If there were any doubts about Special Counsel Robert Mueller’s political intentions, his unprecedented press conference on Wednesday should put them all to rest. As he made abundantly clear during his doddering reading of a prepared statement that repeatedly contradicted itself, Mueller had no interest in the equal application of the rule of law. He gave the game, and his nakedly political intentions, away repeatedly throughout his statement.
“It is important that the office’s written work speak for itself,” Mueller said, referring to his office’s 448-page report. Mueller’s report was released to the public by Attorney General William Barr nearly six weeks ago. The entire report, minus limited redactions required by law, has been publicly available, pored through, and dissected. Its contents have been discussed ad nauseum in print and on television. The report has been speaking for itself since April 18, when it was released.

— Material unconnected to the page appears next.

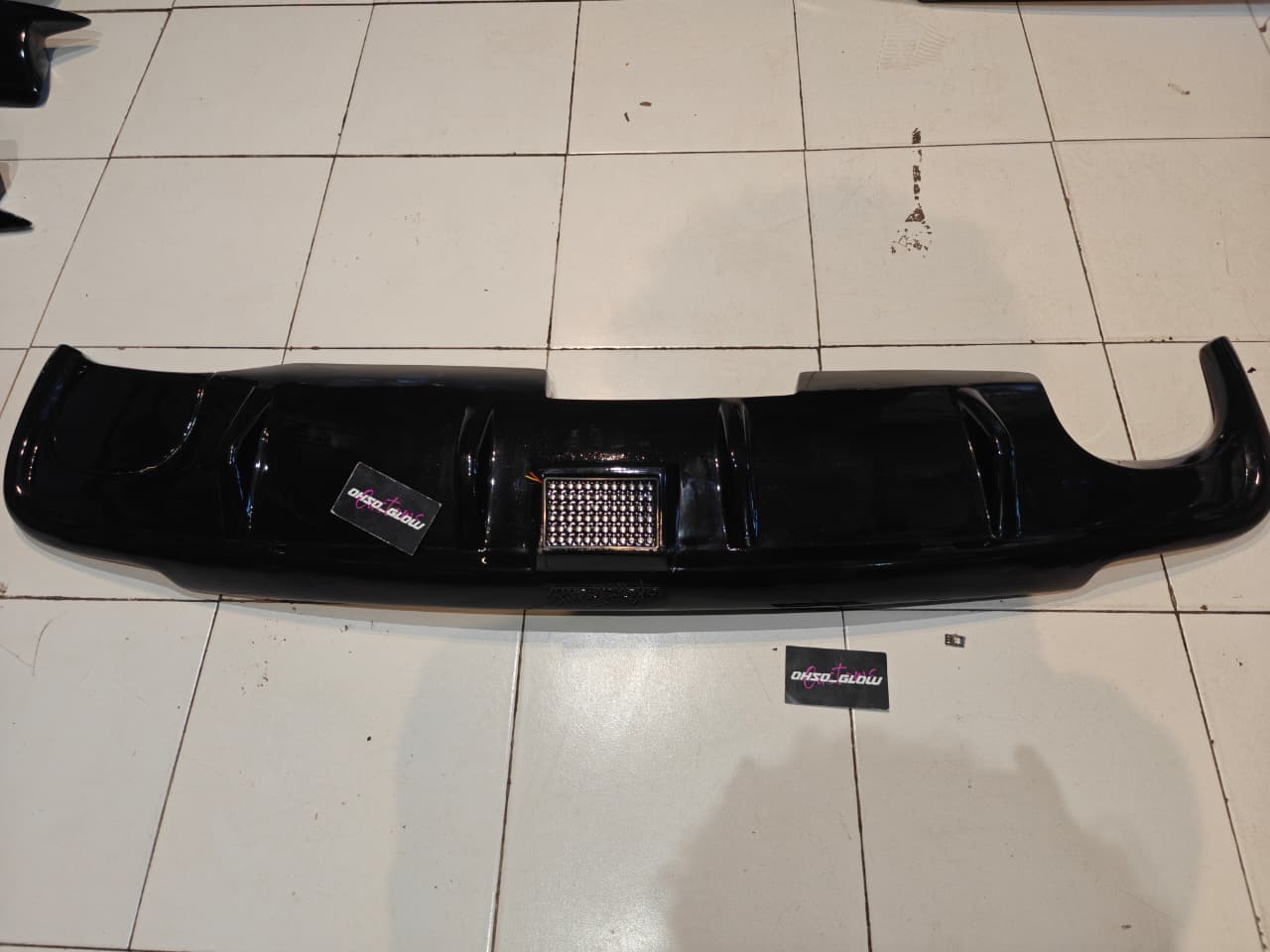 F1 LED Diffuser for Skoda Laura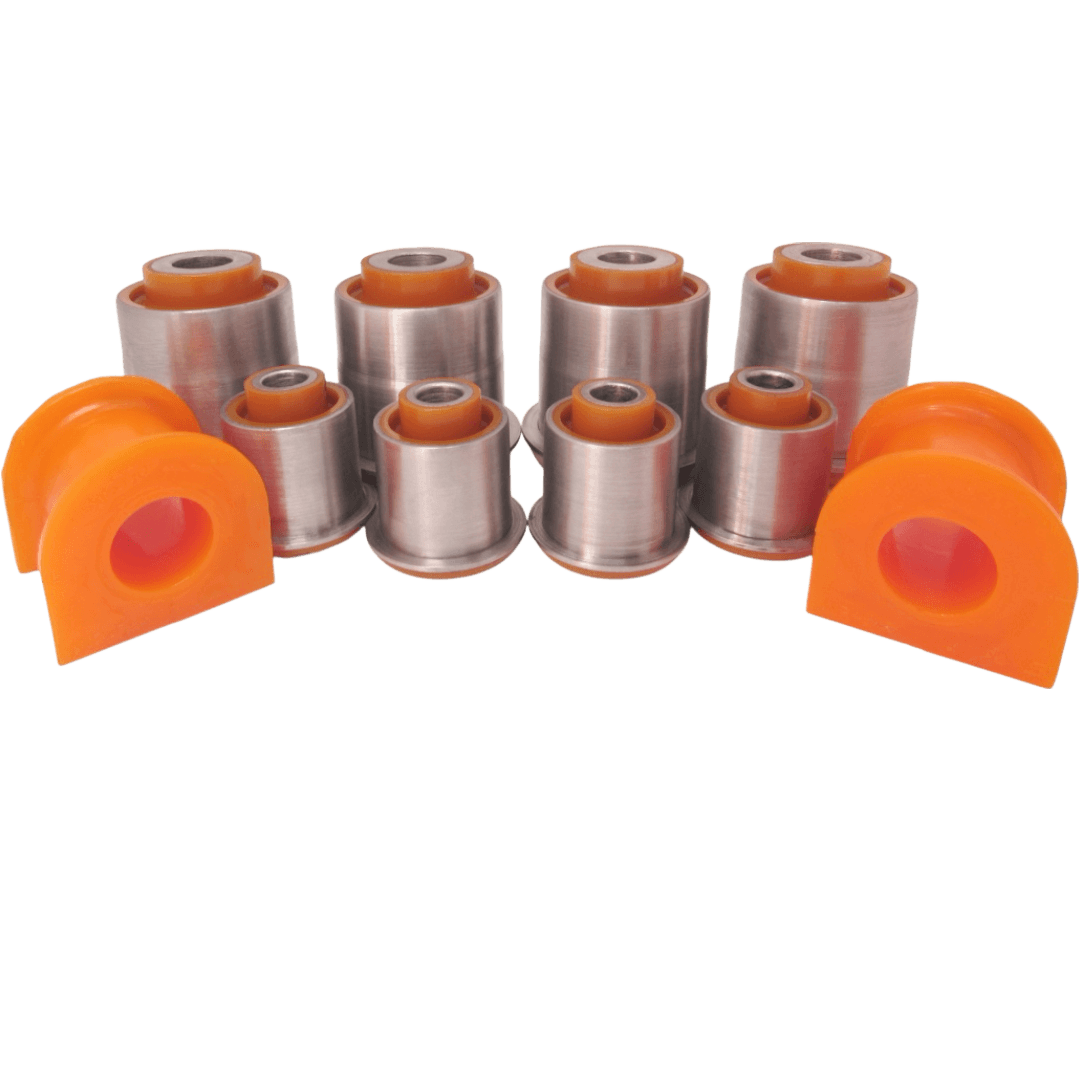 Polyurethane front suspension kit Kia Sorento 2002-2009: 54480-3E002, 54580 3E100, K07BSHPH04373, CB-K046, KAB-010, 1311CBBAH3, CBK046, 77-00197-SX, PXCBB-003B, 12-06-2333, 516342, B8090, KI0106RP, 545803E100, KAB010, 545803E002, 548303E020, 548303E030, 548303E000, 548302E200, KSBSORF30 wholesale from PolyPro.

If it’s important for the work to speak for itself, then why did Mueller schedule a press conference in which he would speak for it weeks after it was released? The statement, given the venue in which it was provided, is self-refuting.
Let’s start with the Mueller team’s unique take on the nature of a prosecutor’s job. The standard American view of justice, affirmed and enforced by the U.S. Constitution, is that all are presumed innocent absent conviction by a jury of a specific charge of criminal wrongdoing. That is, the natural legal state of an individual in this country is innocence. It is not a state or a nature bestowed by cops or attorneys. Innocence is not granted by unelected bureaucrats or federal prosecutors.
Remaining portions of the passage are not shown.